* Problem: Omit any picture, and return the remaining data exactly as written.

::: Provided records

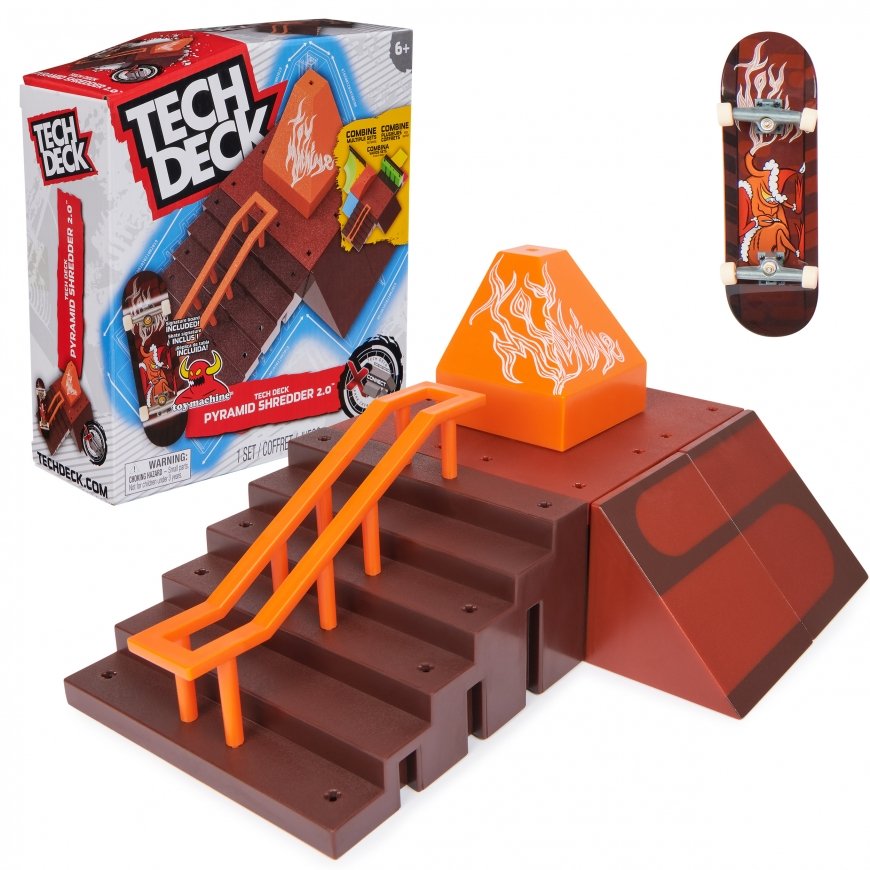 Tech Deck Pyramid Shredder 2.0 Набор фингербордов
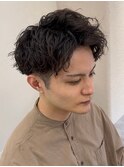 ツイストスパイラルパーマ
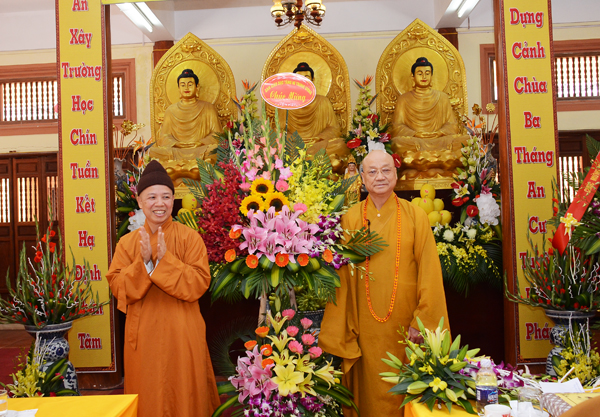 Lễ kỷ niệm 25 năm thành lập Trường Trung cấp Phật học Hà Nội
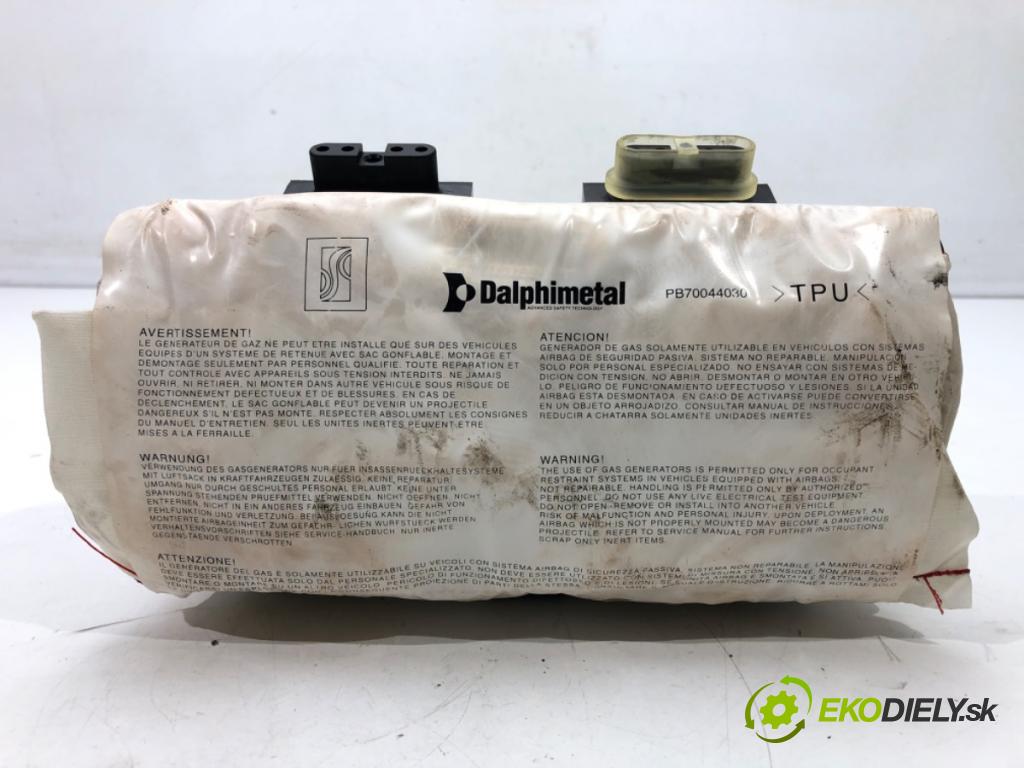 FIAT PUNTO EVO (199_) 2008 - 2022    1.3 D Multijet 70 kW [95 KM] olej napędowy 2009 -   AirBag spolujazdca 00518284450 (Airbagy)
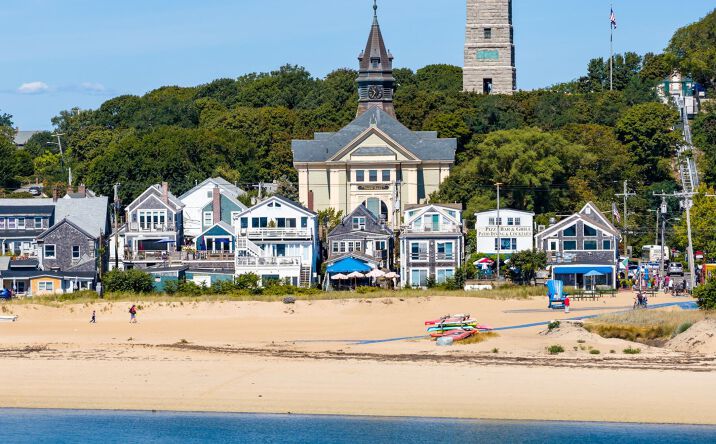 Pictures of Retail property located at 269 - 271 Commercial Street, Provincetown, MA 02657 for sales - image #1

::::::

* Solution below:
 Tech Deck Pyramid Shredder 2.0 Набор фингербордов
 ツイストスパイラルパーマ
 Lễ kỷ niệm 25 năm thành lập Trường Trung cấp Phật học Hà Nội
 FIAT PUNTO EVO (199_) 2008 - 2022    1.3 D Multijet 70 kW [95 KM] olej napędowy 2009 -   AirBag spolujazdca 00518284450 (Airbagy)
 Pictures of Retail property located at 269 - 271 Commercial Street, Provincetown, MA 02657 for sales - image #1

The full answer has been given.